The training of the models is implemented in the fit.py
script. The main loop performs training of classifiers for each fold and saving the models checkpoint. The predict_val.py
script iterates through the models and folds to generate predictions on the validation set, that will be stored in the PREDICTION_VAL_PATH folder defined in constants.py
.
The evaluate.py
script generates predictions and evaluation metrics on the testing set.
The predict.py
script generates predictions and evaluation metrics overall the dataset selecting all the time series without any filter or stratification strategy. Configurations for the classifiers are generated by the configuration.py
script. Configuration for the baselines are provided as json files in ./results/cfg
folder. All the evaluation metrics are generated by the scripts wee.py
, time_cost.py
and performance_deviation.py
.
Machine learning models are encapsulated in specific classes (contained in the scripts fcn.py
, oscnn.py
, rocket.py
) that share common methods to facilitate their application.

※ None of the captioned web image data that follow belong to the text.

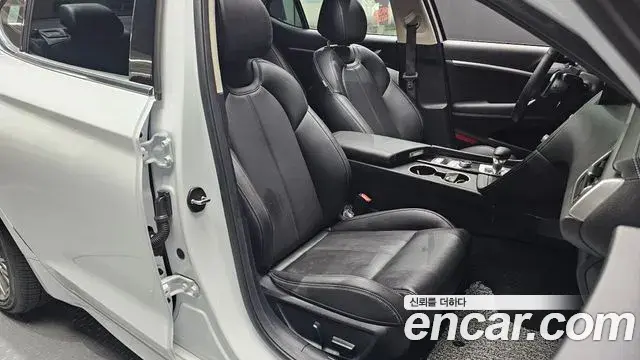 Genesis G70 2022 — Photo 15/20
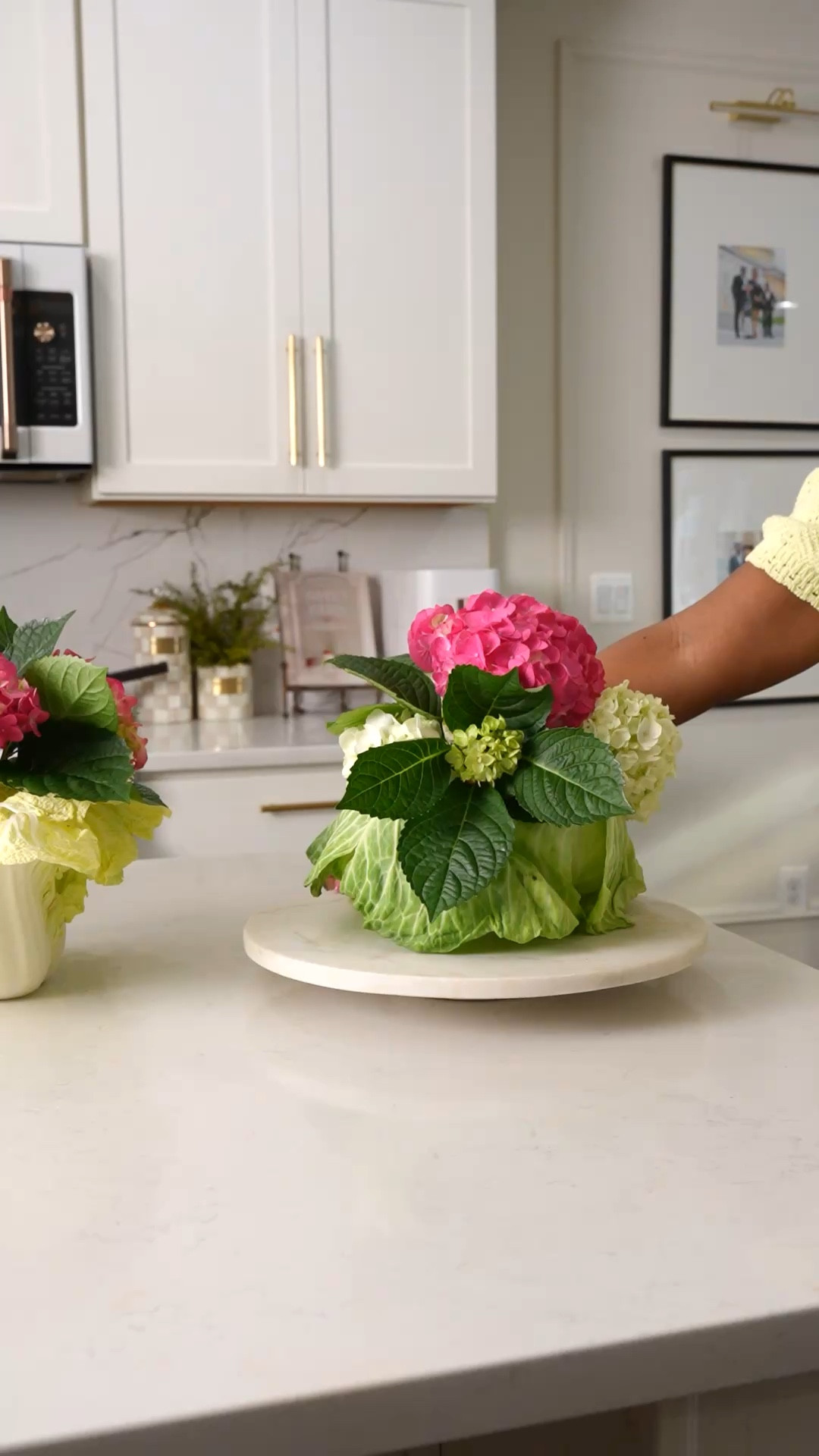 I tried the viral cabbage bouquet ! It’s do pretty 

#LTKdayinmylife #LTKHome
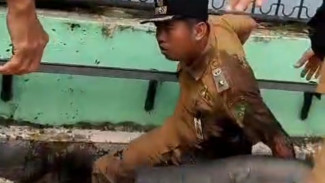 Viral! Gegera ‘Polisi Tidur’ Ilegal, Lurah Perintis di Medan Didorong Seorang Warga Hingga Kecemplung ke Parit
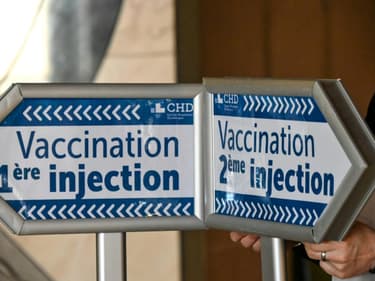 Des panneaux pour guider les patients arrivant pour recevoir le vaccin Covid-19, le 17 février 2021 à Dunkerque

New models can be wrapped in other classes that implement the following methods:
class NewModel():
def __init__(self):
# Initialize the model
def fit(self, X_train, y_train, X_val, y_val):
# perform model training on the dataset passing training and validation data.
def predict(self, X):
# Predict the target for given data.
def predict_proba(self, X):
# Predict class probabilities for given data.
def dump(self, filename):
# Save the model to a path.
def load(self, filename):
# Load the model from path
def set_seeds(seed):
# Set the seed for all necessary random number generators.
The dataset used in this study is based on the data provided in Towards effective assessment of steady state performance in Java software: are we there yet? article.
The models used in the paper have been implemented using:
- OmniScale-CNN (Omni-Scale CNNs: a simple and effective kernel size configuration for time series classification)
- aeon ToolKit (https://github.com/aeon-toolkit/aeon)
This project is licensed under the MIT License - see the LICENSE file for details.